> _Directions_: Quote the listing in full, exactly as given, minus any pictures.

> _Dataset excerpt_:

======

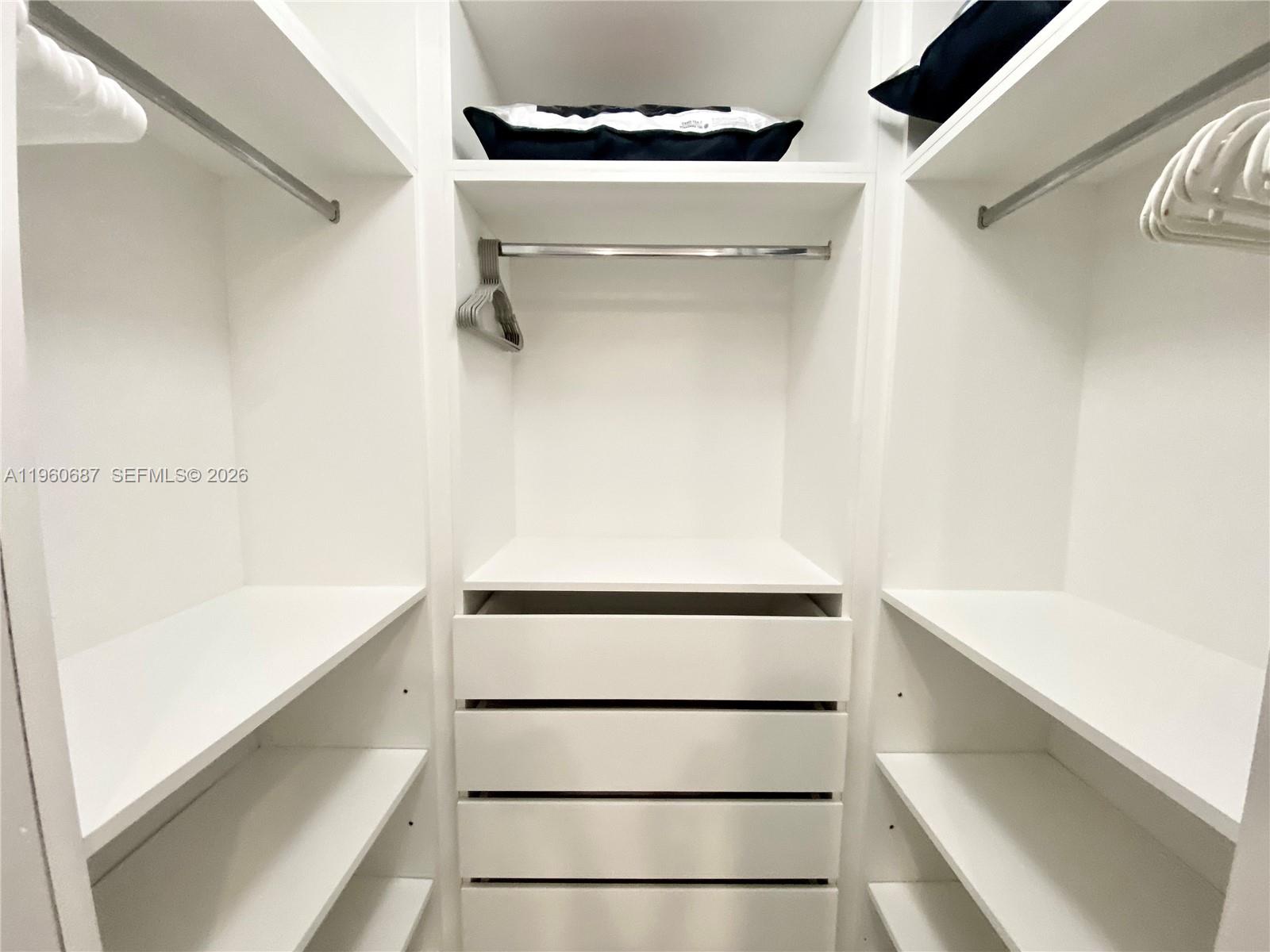 488 NE 18th St # 3704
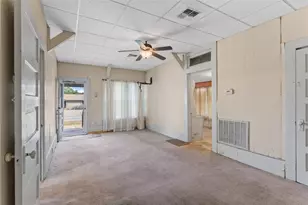 113 S Pumphrey St, Edna, TX 77957 - Photo 16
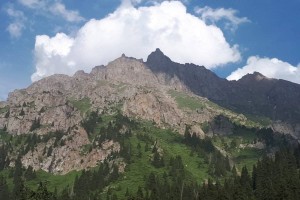
                    Туристку из Кореи спасли в горах Алматы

======

> _Your solution_:
 488 NE 18th St # 3704
 113 S Pumphrey St, Edna, TX 77957 - Photo 16
                    Туристку из Кореи спасли в горах Алматы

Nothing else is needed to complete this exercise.